Hinton pointed out a limitation of distributed representations as they were commonly understood at the time: a concept tends to be encoded by a fixed activation pattern, regardless of context or role.
Take John, for example. At work, John might be represented as a researcher—his role involves reading papers, training models, and debugging code. But at home, John is a father of three, and his activities shift to storytelling, playing with the kids, and helping with homework. If a network uses only one fixed pattern to represent John, it can’t easily capture these role-dependent variations.
To address this limitation, Hinton proposed a new network architecture in which a concept and its role are encoded separately by distinct sets of neurons.

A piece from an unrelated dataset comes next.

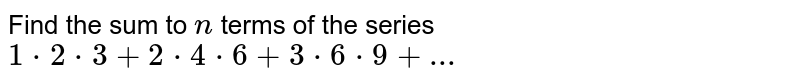 Find the sum to `n` terms of the series `1 *2 *3 + 2*4*6 + 3*6*9+...`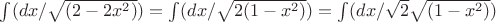 \int(dx/ \sqrt{(2-2x^2)})=\int(dx/ \sqrt{2(1-x^2)})=\int(dx/ \sqrt{2}\sqrt{(1-x^2)})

As a proof of concept, he trained a five-layer neural network using gradient descent to solve a family tree prediction task. He then visualized and interpreted the network’s weights, demonstrating how concepts were encoded and uncovering what individual nodes had learned within the network.
Experiment setting
To motivate the idea of role-specific nodes, Hinton introduced the family tree prediction problem:
You’re given two isomorphic family trees—one in English, one in Italian. “Isomorphic” here means the trees share the exact same structure, but the individuals have different names in each language. For example, as shown in the figure below, Christopher is married to Penelope, and they have two children: Arthur and Victoria. Each tree contains 12 individuals and there are a total of 24 unique names across both trees.

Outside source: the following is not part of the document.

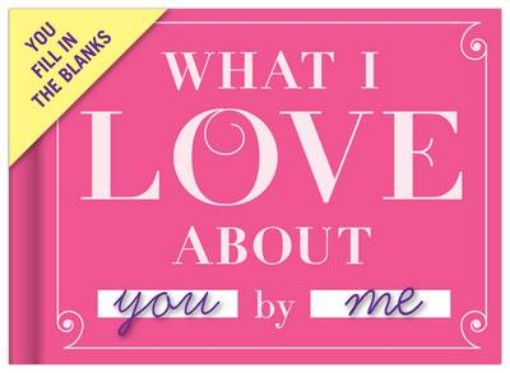 Picture of Knock Knock What I Love about You Book Fill in the Love Fill-in-the-Blank Book & Gift Journal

From the family trees, we can extract 12 types of relationships: father, mother, husband, wife, son, daughter, uncle, aunt, brother, sister, nephew, and niece. Across both trees, there are 104 relationship instances—triplets like (Margaret, has_father, Christopher). There are some special cases where the third item in the triplets contains not one but two individuals. For instance, Colin has two uncles: Arthur and Charles. The relationship triplet is represented by (Colin, has_uncle, (Arthur, Charles)).

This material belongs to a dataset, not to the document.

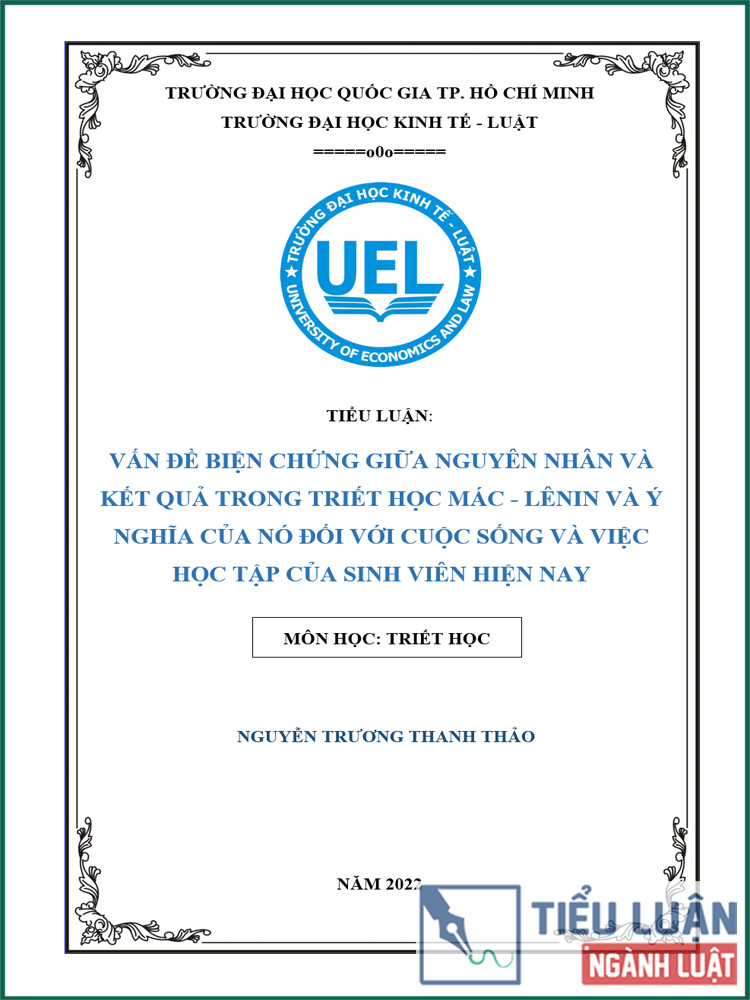 [Tiểu luận 2022] Vấn đề biện chứng giữa nguyên nhân và kết quả trong triết học Mác - Lênin và ý nghĩa của nó đối với cuộc sống và việc học tập của sinh viên hiện nay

The goal of the task is to learn a representation of the family tree that enables the network to predict the third item given the first two—for example, given (Margaret, has_father, ?), the model should output Christopher.
Network Architecture
Hinton’s neural network architecture consists of five layers:
The input layer has 36 nodes: the first 24 nodes represent individual names, and the remaining 12 nodes represent relationship types.
The first hidden layer is split into two groups of 6 nodes each. One group is fully connected to the name inputs, and the other is fully connected to the relationship inputs—this separation allows the network to encode concepts and roles independently.
The second and third hidden layers contain 12 and 6 fully connected nodes, respectively.
The output layer has 24 nodes, each corresponding to a name, just like the input.
The network uses the sigmoid activation function as the non-linear layer. The network architecture is shown in the figure below.
Network Visualization and Interpretation
Some of the learned weights in the network turn out to be interpretable. To explore this, Hinton visualizes the weights of the first 6 nodes in the first hidden layer across different inputs.
In the figure below, each colored line corresponds to one hidden node. The size of each square indicates the strength of activation: white squares represent positive activation, while black squares indicate negative activation.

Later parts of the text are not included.